For the first time since it began balancing the competing interests of trademark plaintiffs and creators of expressive works, the U.S. Court of Appeals for the Ninth Circuit held this month in Gordon v. Drape Creative that the First Amendment may not trump the likelihood-of-confusion test in a trademark case. The court held that to qualify for First Amendment protection, a defendant’s use of a mark must be “relevant to the defendant’s own artistry.” By contrast, if a defendant merely appropriates the goodwill consumers associate with a mark without “adding any creativity of their own,” the First Amendment is no shield against a suit for trademark infringement.
This case was born out of the 2011 YouTube video The Crazy Nastyass Honey Badger, in which plaintiff Christopher Gordon paired footage of mellivora capensis hunting and eating prey with his own humorous and whimsical narration. The video was a viral hit and Gordon’s catchphrases — “honey badger don’t care” and “honey badger don’t give a shit” — quickly became internet memes. Gordon received a trademark registration for the “honey badger don’t care” mark and began selling merchandise with both trademarks on the internet and in national retailers.
In 2012, Gordon discussed licensing the phrase with Drape Creative’s parent company, American Greetings, but the talks never came to fruition. Later that year — perhaps modeling the honey badger’s audacity — Drape and co-defendant Papyrus Recycled Greetings began selling greeting cards featuring the phrases juxtaposed with significant events. (For example: “Honey Badger Heard It’s Your Birthday” / “Honey Badger Don’t Give a Sh*t.”) Gordon then sued for trademark infringement. The defendants asserted that the Rogers test protected their First Amendment expression from Gordon’s trademark claims, and the district court granted them summary judgment.
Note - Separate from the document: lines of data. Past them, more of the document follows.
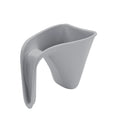 A modern grey plastic jug with a curved handle and angled opening, shown on a plain white background.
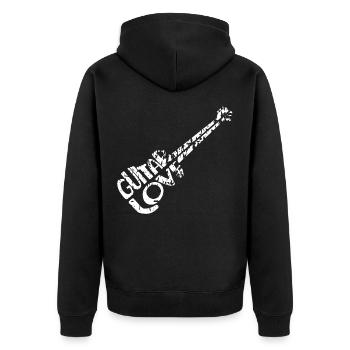 guitarist - Unisex Premium Organic Zip Hoodie - black - Back - Nico (187cm)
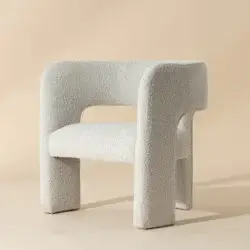 SUNPAN ISIDORE LOUNGE CHAIR WHITE 109722 perth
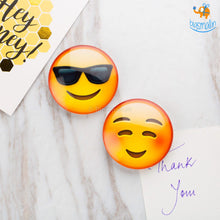 Load image into Gallery viewer, Emoji Crystal Glass Fridge Magnets- Set of 2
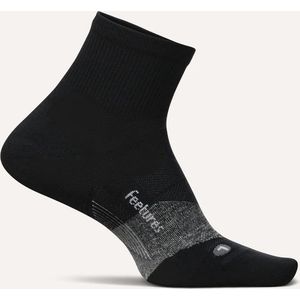 Feetures | Elite | Ultra Light | Quarter V2 | Hardloopsokken | Unisex | Black | 47-51 -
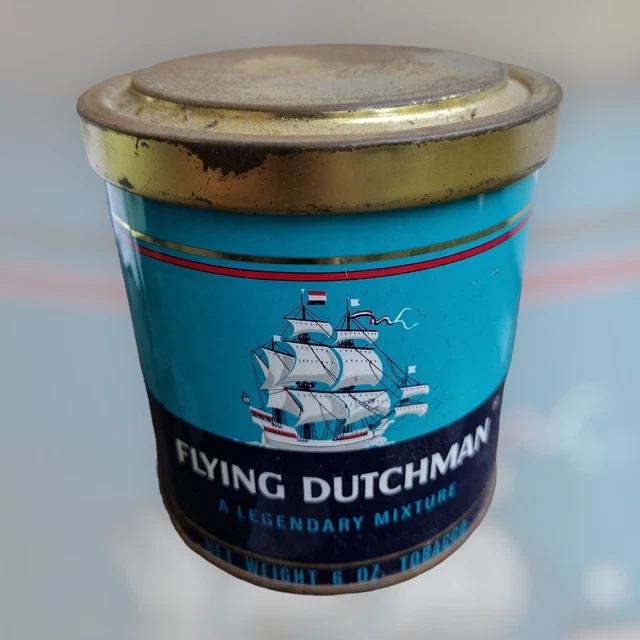 VINTAGE FLYING DUTCHMAN Tobacco Tin With Lid, 6 oz., Empty $11.98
The Rogers test was first developed by the U.S. Court of Appeals for the Second Circuit in a case involving the Federico Fellini film Ginger and Rogers about two fictional Italian cabaret performers who imitated the famed Hollywood duo of Ginger Rogers and Fred Astaire. The Rogers court held that trademark claims against an expressive work could survive First Amendment scrutiny only if the defendant’s use of the mark was either (1) not artistically relevant to the work or (2) explicitly misled consumers about the source or content of the work.
The Ninth Circuit adopted the Rogers test in Mattel v. MCA Records, in which the maker of the Barbie doll sued the producers and distributors of the late-90s pop song Barbie Girl. The court held that the song’s use of the BARBIE mark was relevant to the song’s ironic lyrics and not explicitly misleading. With later cases, the Ninth Circuit continued to apply and expand the Rogers test — to yet another Barbie satire, to the television show Empire and its advertisements, and to the Grand Theft Auto, Madden NFL, and Grand Turismo video-game series. In those cases, as in Mattel, the court determined that the public interest in avoiding consumer confusion was outweighed by the public interest in free expression.
Gordon stands in contrast. In each of the other cases, the use of the mark was connected to some independently expressive work — a film, a song, a video game, a television show. In Gordon, however, the court laid down a marker: “The Rogers test is not an automatic safe harbor for any minimally expressive work that copies someone else’s mark.” The court acknowledged that the greeting cards were expressive works protected by the First Amendment and that “the honey-badger catchphrase is certainly relevant to defendants’ cards.” But it doubted that “the mark is relevant to the defendant’s own artistry.”
“It cannot be,” the court reasoned, “that defendants can simply copy a trademark into their greeting cards without adding their own artistic expression or elements and claim the same First Amendment protection as the original artist.”
The court’s reasoning sits uneasily with certain other lines of trademark and copyright law. Other courts have applied the Rogers test beyond the realm of artistic expression entirely — to political satire in Radiance Foundation v. NAACP (4th Cir. 2015), and to newsgathering in New Kids On The Block v. News America Publishing (C.D. Cal. 1990). Although Gordon’s nuanced reasoning should extend with equal force to those sorts of expression, the court’s emphasis on “the defendant’s own artistry ” may cut against applying the Rogers test outside the realm of art at all. And in the copyright context, courts have grappled with “appropriation art” — art whose artistry lies in the act of appropriation — and have begun to come down on the side of the artist. After Gordon, who is an artist and how such artists will fare when faced with trademark claims remains to be seen. Indeed, even the defendants’ fate in Gordon is uncertain. The court ultimately left it to a jury to decide whether they used the honey-badger catchphrases for artistic reasons — or merely to trade on the goodwill associated with Gordon’s brand.